Release notes

1.4.0

get_pseudobulk changes:
- Default values now do not filter features. For feature filtering check the new functions filter_by_expr or filter_by_prop.
- If feature filters are used, it may return more genes than before due to a change of > min_props to >= min_props.
- Now it returns quality control metrics such as psbulk_n_cells, psbulk_counts and psbulk_props.
- Now groups_col accepts take multiple keys.
- Now mode accepts a dictionary of callable functions. The resulting profiles will be stored in .layers.
swap_layer now has a new argument X_layer_key, a .layers key where to move and store the original .X.
Pseudobulk and bulk vignettes have been updated to use the PyDESeq2 package
run_consensus now accepts extra arguments with the new parametter args that are passed down to decouple.
Omnipath functions now return resources with sorted indexes and throw a warning if the version is too old.
run_wsum and run_wmean now correctly accept empty null distributions.

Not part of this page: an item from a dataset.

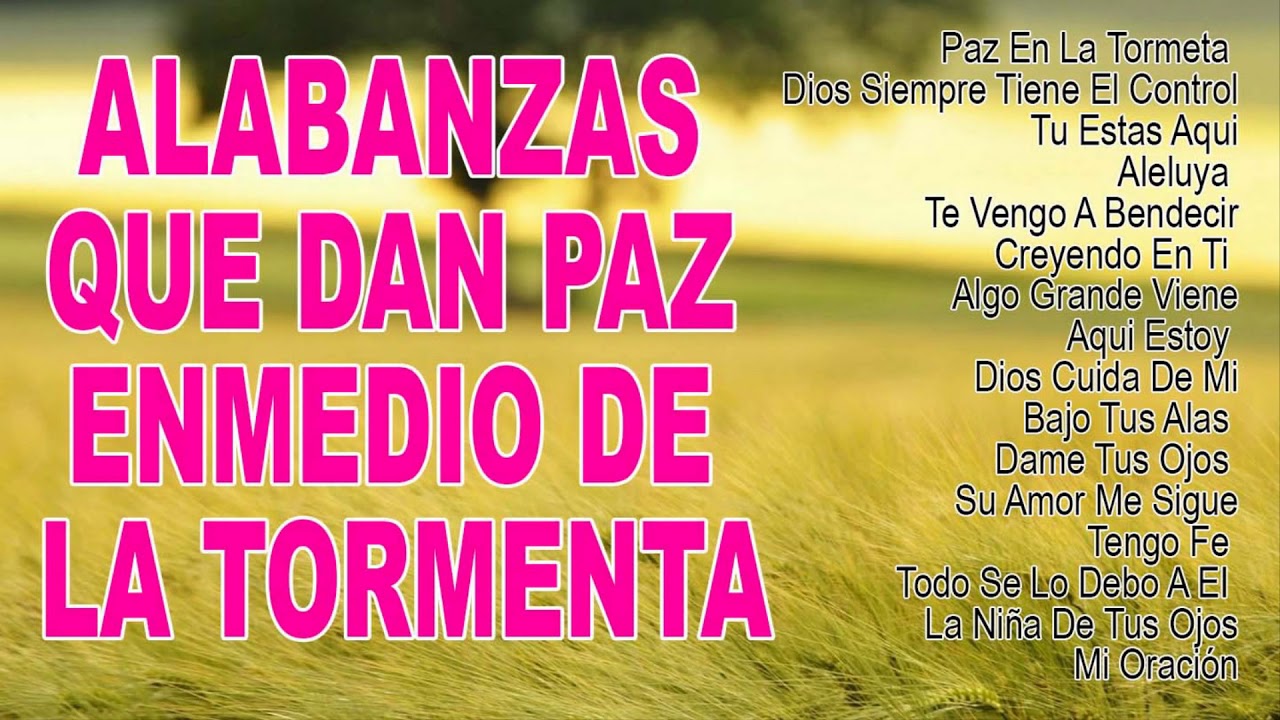 Musica Cristiana Que Da Paz En Medio De La Tormenta - YouTube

Added filter_by_expr feature filtering function from edgeR.
Added filter_by_prop feature filtering function. In previous versions it was incorporated inside get_pseudobulk.
Added plot_psbulk_samples to assess the quality of pseudobulk samples.
Added plot_filter_by_expr to assess which filtering thresholds to use in filter_by_expr.
Added plot_filter_by_prop to assess which filtering thresholds to use in filter_by_prop.
Added plot_volcano_df to plot volcano plots from long format dataframes.
Added plot_targets to plot downstream target genes of a source by their change and weight.
Added get_collectri to retrieve the CollecTRI gene regulatory network.
Added get_ksn_omnipath to retrieve the Kinase-Substrate network from omnipath.
Added rank_sources_groups to identify marker sources (TFs, pathways, etc.) per group of samples/cells.

get_pseudobulk now has new arguments: mode to change how to summarize profiles and skip_checks to bypass checks.
OmniPath functions now accept more organism synonyms.

get_pseudobulk and get_acts now have a dtype argument due to future AnnData changes.
plot_metrics_scatter and plot_metrics_boxplot now use GroupBy.mean(numeric_only=True).

Omnipath wrappers (get_resource, get_dorothea and get_progeny) now accept any organism name.

Fixed change in api from sklearn.tree.
Forced gene names in extract to be in unicode format.
Changed integer format from int32 to int64 to accommodate larger datasets across methods.

Added conversion utility function translate_net to translate nets across organisms.

extract now removes empty samples and features.
run_consensus now follows the same format as other methods, old function is now called cons.
get_pseudobulk now checks if input are raw integer counts.
plot_volcano now can plot without subsetting features by a network and can save plots to disk.
plot_volcano now uses adjustText to better plot text labels.
plot_volcano now can set logFCs and p-value limits for outliers.
get_top_targets now can also work without subsetting features by a network and returns significant adjusted p-values.
get_contrast now can also work without needing to group.
udt and mdt now check if skranger and sklearn are installed, respectively.
get_toy_data now contains more example TFs.
get_top_targets now returns logFCs and pvals as column names instead of logFC and pval.
format_contrast_results now returns also the adjusted p-value.

Added dense_run util function which runs methods ignoring zeros in the data.
Added plot_violins and plot_barplot functions.
Added p_adjust_fdr util function to correct p-values for FDR.
Added get_ora_df function to infer ora from lists of genes instead of an input mat.
Added shuffle_net function to randomize networks.
Added benchmarking metrics metric_auroc, metric_auprc, metric_mcauroc and metric_mcauprc.
Added get_toy_benchmark_data function to generate a toy example for benchmarking.
Added show_metrics function to show available metrics.
Added benchmark, format_benchmark_inputs and get_performances functions to benchmark methods and nets.
Added plot_metrics_scatter function to plot the results of running the benchmarking pipeline.
Added plot_metrics_scatter_cols function to plot the results of running the benchmarking pipeline grouped by two levels.
Added plot_metrics_scatter function to plot the results of running the benchmarking pipeline.
Added plot_metrics_boxplot function to plot the distributions of Monte-Carlo benchmarking metrics.